» **EXERCISE BRIEF**: Copy the listing in full and exactly, omitting its images.

» **INFORMATION SUPPLIED**:
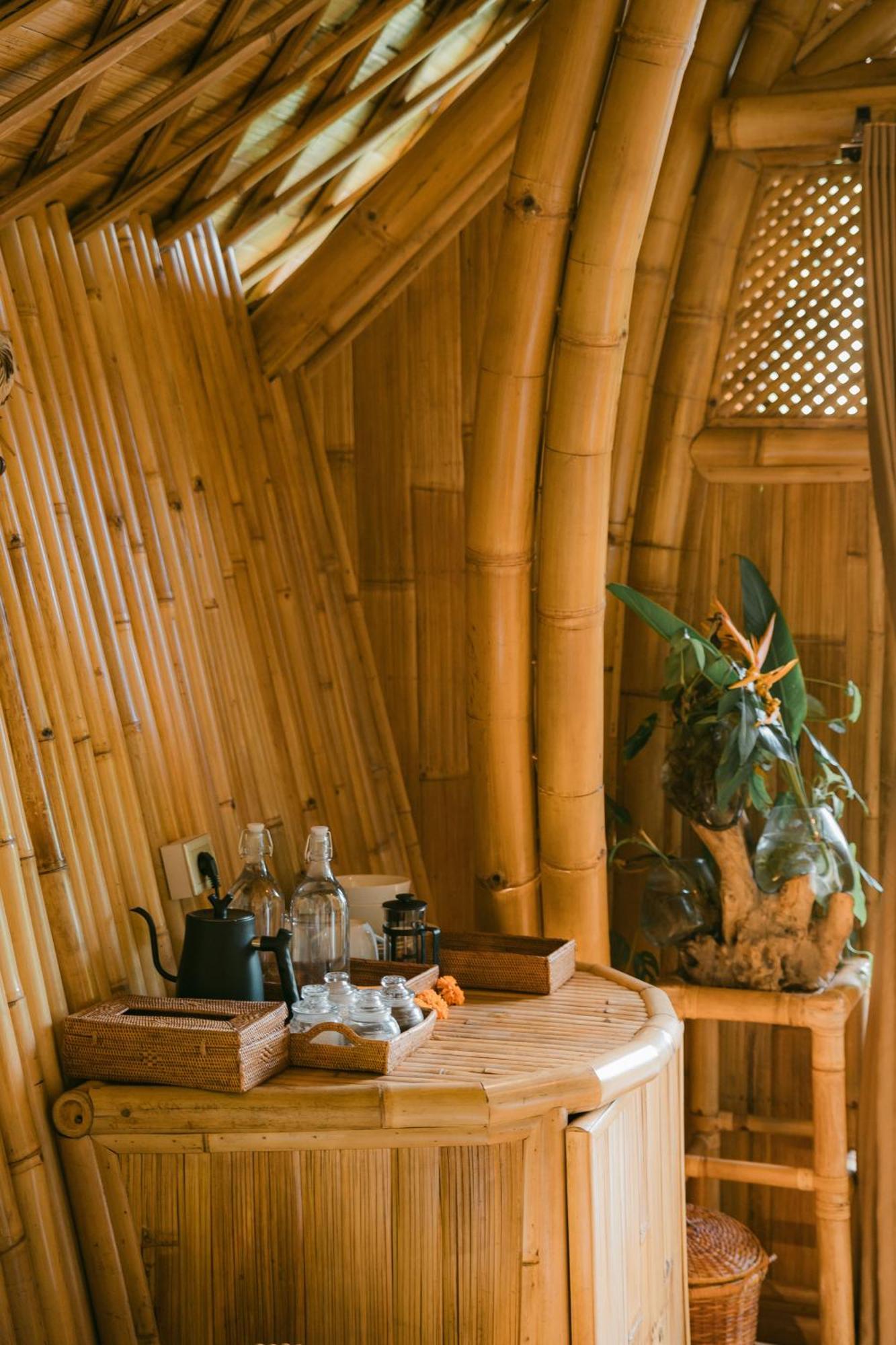 Arcada Bali Bamboo House Vila Sidemen  Exterior foto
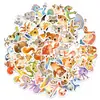 50 Pegatinas Divertidas y Lindas de Animales en Acuarela, Pegatinas de Animales Multiserie para Diarios, Teléfonos Móviles y Decoraciones de Computadora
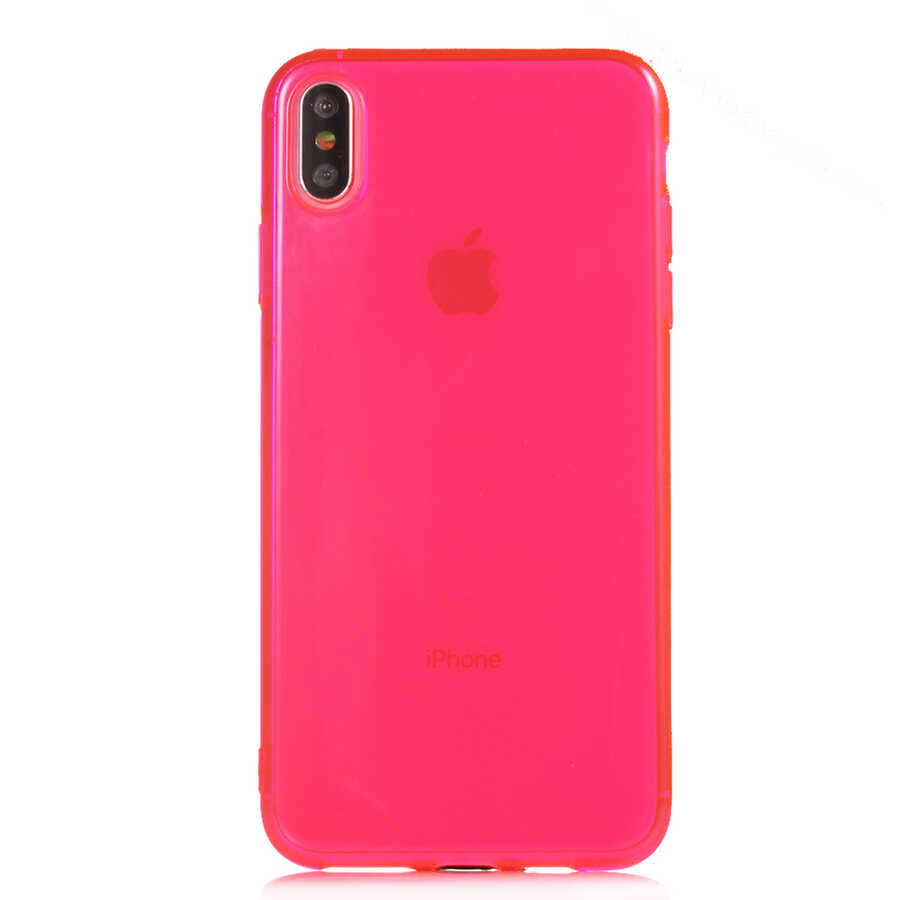 Apple%20iPhone%20XS%20Max%206.5%20Kılıf%20Zore%20Mun%20Silikon-Pembe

» **RESULT BELOW**:
 Arcada Bali Bamboo House Vila Sidemen  Exterior foto
 50 Pegatinas Divertidas y Lindas de Animales en Acuarela, Pegatinas de Animales Multiserie para Diarios, Teléfonos Móviles y Decoraciones de Computadora
 Apple%20iPhone%20XS%20Max%206.5%20Kılıf%20Zore%20Mun%20Silikon-Pembe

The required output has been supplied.